Question Number 161156 by LEKOUMA last updated on 13/Dec/21
$${Calculate} \\ $$$$\underset{{x}\rightarrow+\infty} {\mathrm{lim}}\left(\mathrm{ln}\:\left(\mathrm{1}+{e}^{−{x}} \right)\right)^{\frac{\mathrm{1}}{{x}}} \\ $$$$\underset{{x}\rightarrow\mathrm{0}} {\mathrm{lim}}\left(\frac{{x}}{\mathrm{2}+\mathrm{sin}\:\frac{\mathrm{1}}{{x}}}\right) \\ $$$$\underset{{x}\rightarrow\mathrm{0}} {\mathrm{lim}}\left(\frac{{a}^{{x}} +{b}^{{x}} }{\mathrm{2}}\right)^{\frac{\mathrm{1}}{{x}}} \\ $$
Answered by qaz last updated on 13/Dec/21
$$\underset{\mathrm{x}\rightarrow+\infty} {\mathrm{lim}}\left(\mathrm{ln}\left(\mathrm{1}+\mathrm{e}^{−\mathrm{x}} \right)\right)^{\frac{\mathrm{1}}{\mathrm{x}}} \\ $$$$=\mathrm{exp}\underset{\mathrm{x}\rightarrow+\infty} {\mathrm{lim}}\frac{\mathrm{lnln}\left(\mathrm{1}+\mathrm{e}^{−\mathrm{x}} \right)}{\mathrm{x}} \\ $$$$=\mathrm{exp}\underset{\mathrm{x}\rightarrow+\infty} {\mathrm{lim}}\frac{\mathrm{ln}\left(\mathrm{1}+\mathrm{e}^{−\mathrm{x}} \right)−\mathrm{1}}{\mathrm{x}}........\mathrm{lnln}\left(\mathrm{1}+\mathrm{e}^{−\mathrm{x}} \right)\sim\mathrm{ln}\left(\mathrm{1}+\mathrm{e}^{−\mathrm{x}} \right)−\mathrm{1} \\ $$$$=\mathrm{1} \\ $$$$−−−−−−−−−−− \\ $$$$\underset{\mathrm{x}\rightarrow\mathrm{0}} {\mathrm{lim}}\left(\frac{\mathrm{x}}{\mathrm{2}+\mathrm{sin}\:\frac{\mathrm{1}}{\mathrm{x}}}\right)=\mathrm{0} \\ $$$$−−−−−−−−−−− \\ $$$$\underset{\mathrm{x}\rightarrow\mathrm{0}} {\mathrm{lim}}\left(\frac{\mathrm{a}^{\mathrm{x}} +\mathrm{b}^{\mathrm{x}} }{\mathrm{2}}\right)^{\frac{\mathrm{1}}{\mathrm{x}}} =\underset{\mathrm{x}\rightarrow\mathrm{0}} {\mathrm{lim}}\left(\mathrm{1}+\frac{\mathrm{1}}{\mathrm{2}}\mathrm{xln}\left(\mathrm{ab}\right)+\mathrm{o}\left(\mathrm{x}\right)\right)^{\frac{\mathrm{1}}{\mathrm{x}}} =\sqrt{\mathrm{ab}} \\ $$
Commented by stelor last updated on 14/Dec/21
please, I don't understand the third line , please explain me again.

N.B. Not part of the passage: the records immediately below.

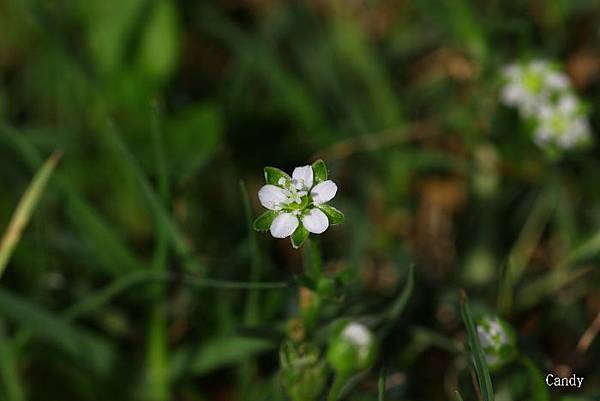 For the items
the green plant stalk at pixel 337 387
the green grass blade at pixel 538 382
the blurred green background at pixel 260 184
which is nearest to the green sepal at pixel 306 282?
the blurred green background at pixel 260 184

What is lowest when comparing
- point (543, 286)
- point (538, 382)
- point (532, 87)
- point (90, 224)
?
point (538, 382)

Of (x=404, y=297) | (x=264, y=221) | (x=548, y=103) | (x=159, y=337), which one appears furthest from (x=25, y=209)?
(x=548, y=103)

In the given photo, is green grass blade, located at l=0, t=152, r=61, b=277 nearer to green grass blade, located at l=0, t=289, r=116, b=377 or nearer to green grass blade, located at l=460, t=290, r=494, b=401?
green grass blade, located at l=0, t=289, r=116, b=377

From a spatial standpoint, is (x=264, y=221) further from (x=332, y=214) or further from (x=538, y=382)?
(x=538, y=382)

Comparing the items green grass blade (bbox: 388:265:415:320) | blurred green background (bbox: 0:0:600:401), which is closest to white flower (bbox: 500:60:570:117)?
blurred green background (bbox: 0:0:600:401)

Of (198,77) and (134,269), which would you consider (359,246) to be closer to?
(134,269)

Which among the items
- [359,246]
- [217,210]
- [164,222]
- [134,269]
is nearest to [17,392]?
[134,269] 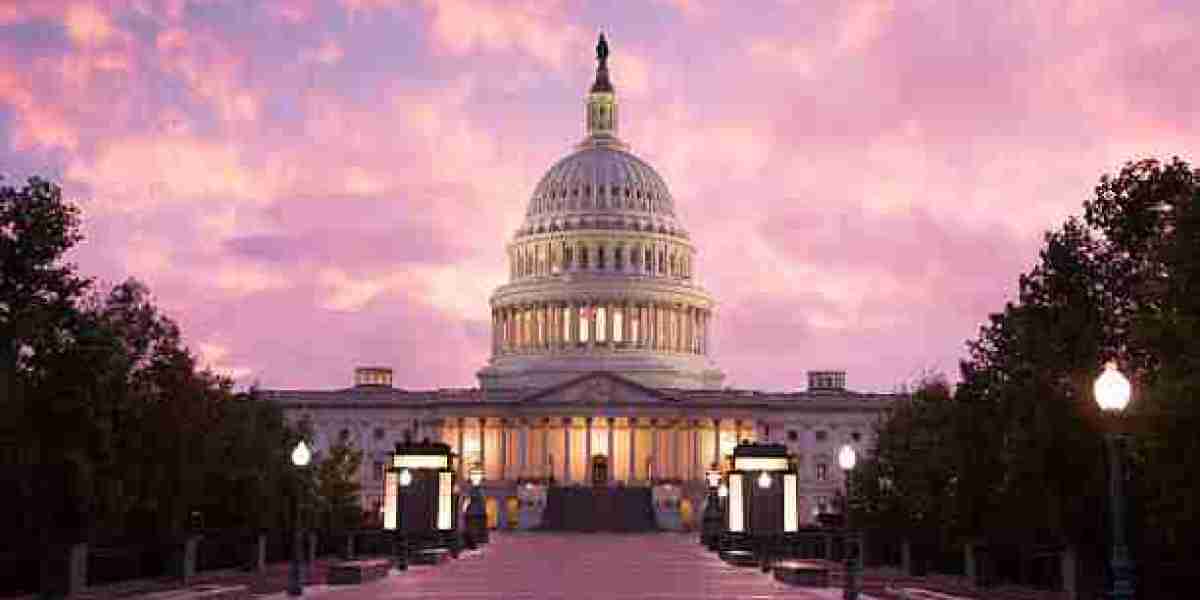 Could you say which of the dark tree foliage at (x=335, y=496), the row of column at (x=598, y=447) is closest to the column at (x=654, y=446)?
the row of column at (x=598, y=447)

Commented by stelor last updated on 14/Dec/21
third of first limit.
Commented by qaz last updated on 15/Dec/21
$$\mathrm{this}\:\mathrm{is}\:\mathrm{infinitesimal}\:\mathrm{equivalent}\:\mathrm{substitution}. \\ $$$$\underset{\mathrm{x}\rightarrow\mathrm{0}} {\mathrm{lim}}\frac{\mathrm{ln}\left(\mathrm{1}+\mathrm{x}\right)}{\mathrm{x}}=\mathrm{1}\:\:\Rightarrow\:\:\mathrm{ln}\left(\mathrm{1}+\mathrm{x}\right)\sim\mathrm{x}\:\:\Rightarrow\:\:\mathrm{lnx}\sim\mathrm{x}−\mathrm{1} \\ $$